Так продолжалось трое суток. Все это время я оставался на ногах, старательно реагируя на беспрерывный поток сигналов. Ночью, когда старший офицер вел себя относительно спокойно (в те дни мы еще не знали радиотелефонов), я нес вахту, обеспечивая безопасность корабля. Опытных офицеров у меня не было, а погода держалась такая, что требовалось нешуточное мастерство, чтобы удержаться в своей позиции. Кругом темно, как у черта за пазухой, и только иногда мелькает расплывчатое серое пятно – это замыкающее судно центральной колонны поднялось на волне, наполовину обнажив гребной винт и взметнув облако кипящей пены.
За трое суток я спал всего три часа, да и то не подряд. В конце концов мы все-таки повернули на юг, иначе не знаю, сколько бы я еще смог выдержать. Сразу же после этого, надо полагать, для полноты картины, мы вошли в полосу тумана – густого, молочно-белого, мешающего не только видеть, но и дышать. Мы с трудом различали размытые очертания своего корабля – больше не видели ничего, но продолжали идти курсом конвоя. Так продолжалось всю ночь, а на рассвете, когда туман рассеялся, вокруг нас оказалось пустынное море. Ни намека на конвой.

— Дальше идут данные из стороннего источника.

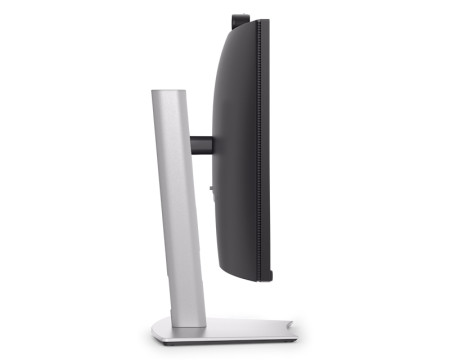 https://www.exceed.rs/images/products/big/194586.jpg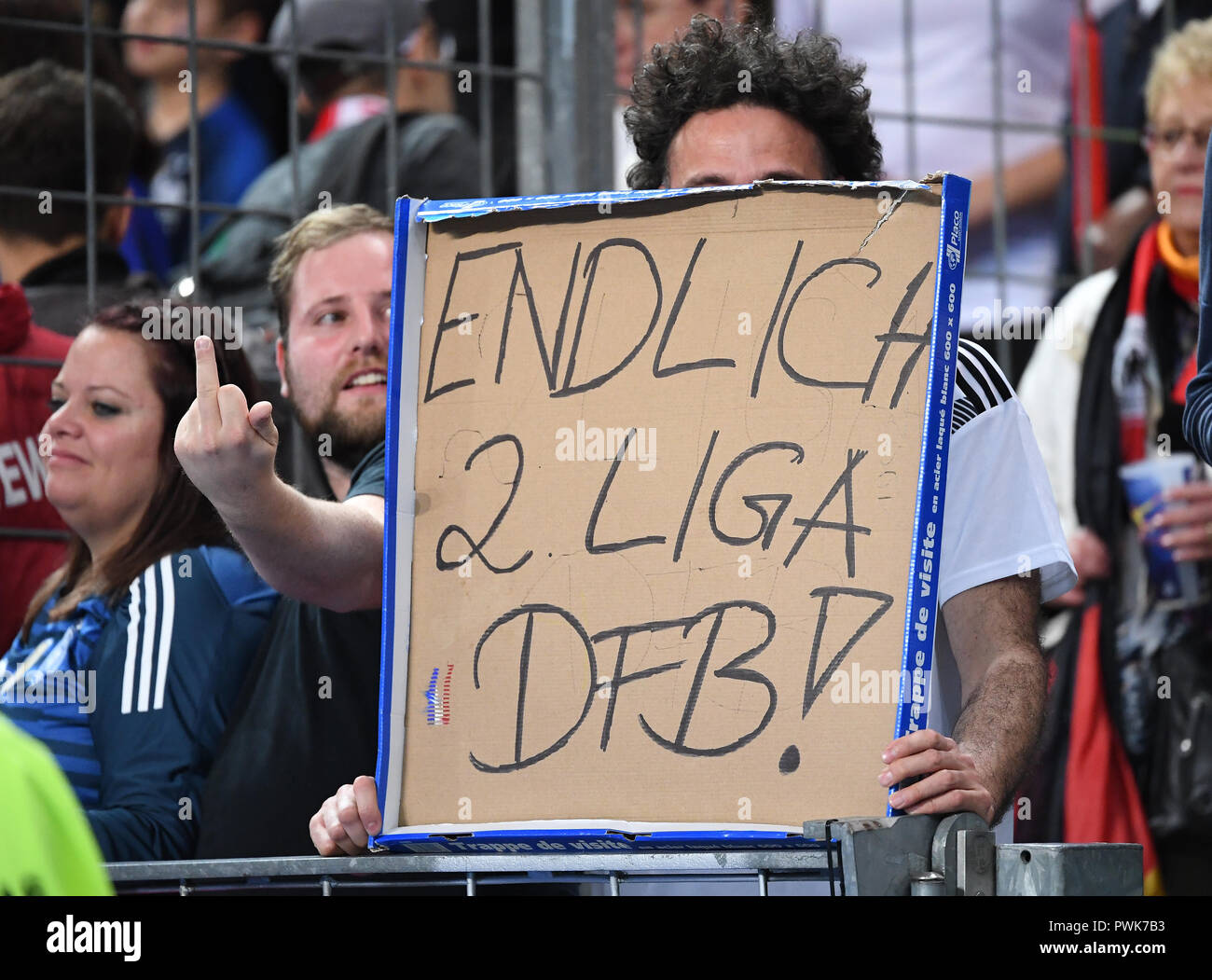 National League Poster Stock Photos & National League Poster Stock Images - Alamy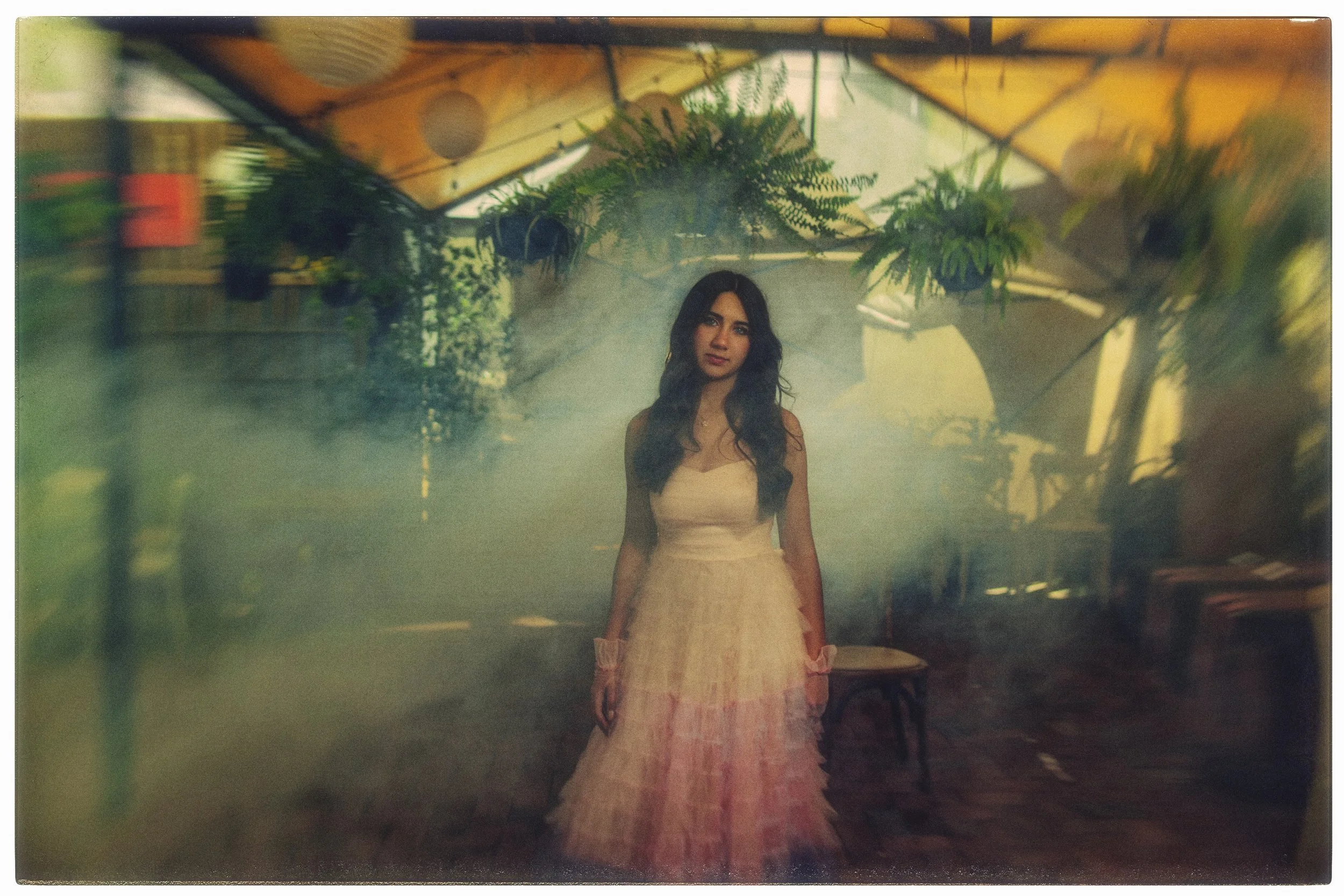 IMG_3053 copia (4k).jpg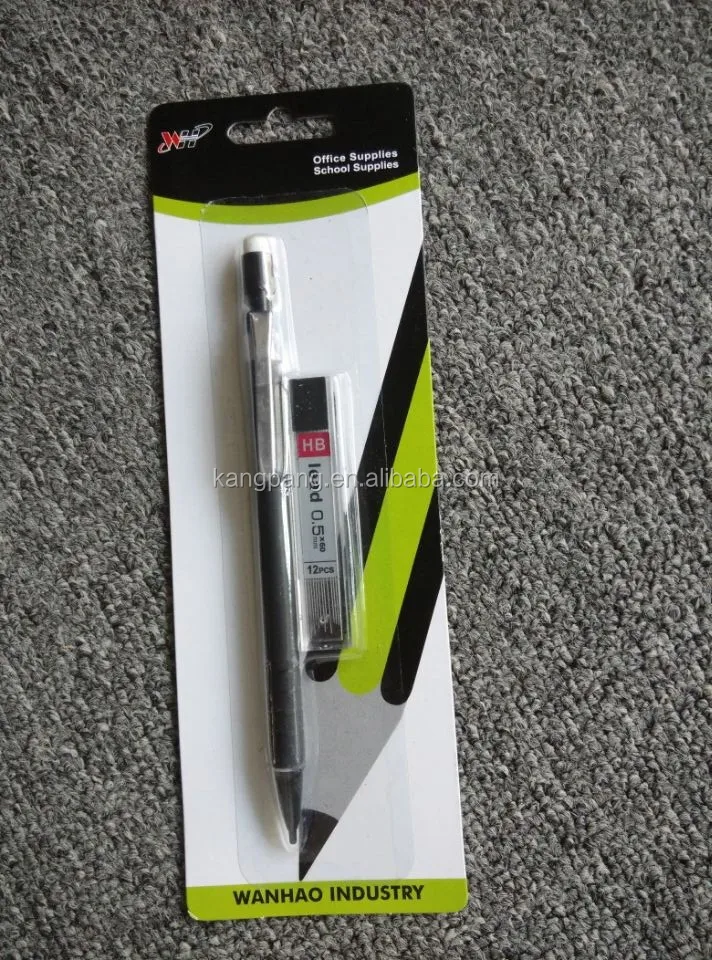 Механический карандаш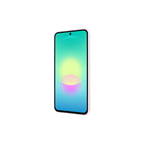 Samsung Galaxy A27 5g Rosa / 8 + 256 Gb / 6,7" Super Amoled Fhd+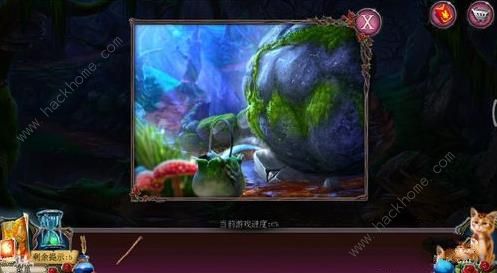 �������ѹű��Գ�2���������������ɭ�ֹ���_�������ѹű��Գ�2��������������ι�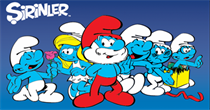 Şirinler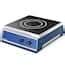 Cole Parmer SHP Series Large Capacity Infrared Stirring Hot Plates From Cole Parmer India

Мне ни разу не доводилось присутствовать на ливерпульских конвойных совещаниях, и никто не удосужился мне сказать, что именно этот командир по известным только ему причинам всегда указывает судам конвоя точку встречи (в которой суда должны собираться, если были рассеяны) не менее чем в 25 милях позади от того места, где он в действительности намерен быть. Я получил световые сигналы относительно точек рандеву на ближайшие три дня и, насколько это было в моих силах, шел в каждую из них по очереди. По крайней мере, я так считал, поскольку держалась облачная погода и определиться я не мог. С момента выхода из Инистрахалла мы все время шли по счислению. На «Вербене» я был един в нескольких лицах и не мог уследить за всем – в расчеты вполне могла вкрасться ошибка. К тому же в них закладывалась ориентировочная скорость конвоя. Да и вообще до появления радара задача поддержания постоянного контакта с конвоем в условиях плохой видимости была самым страшным ночным кошмаром всех без исключения капитанов кораблей эскорта. Корабли эскорта нередко теряли конвои, но, имея возможность точно определить свое местонахождение и зная точки встречи, находили их снова. Так получилось, что в условиях видимости, ни разу не превысившей 1–2 мили, мы вышли в расчетную точку в 25 милях от конвоя и не обнаружили его.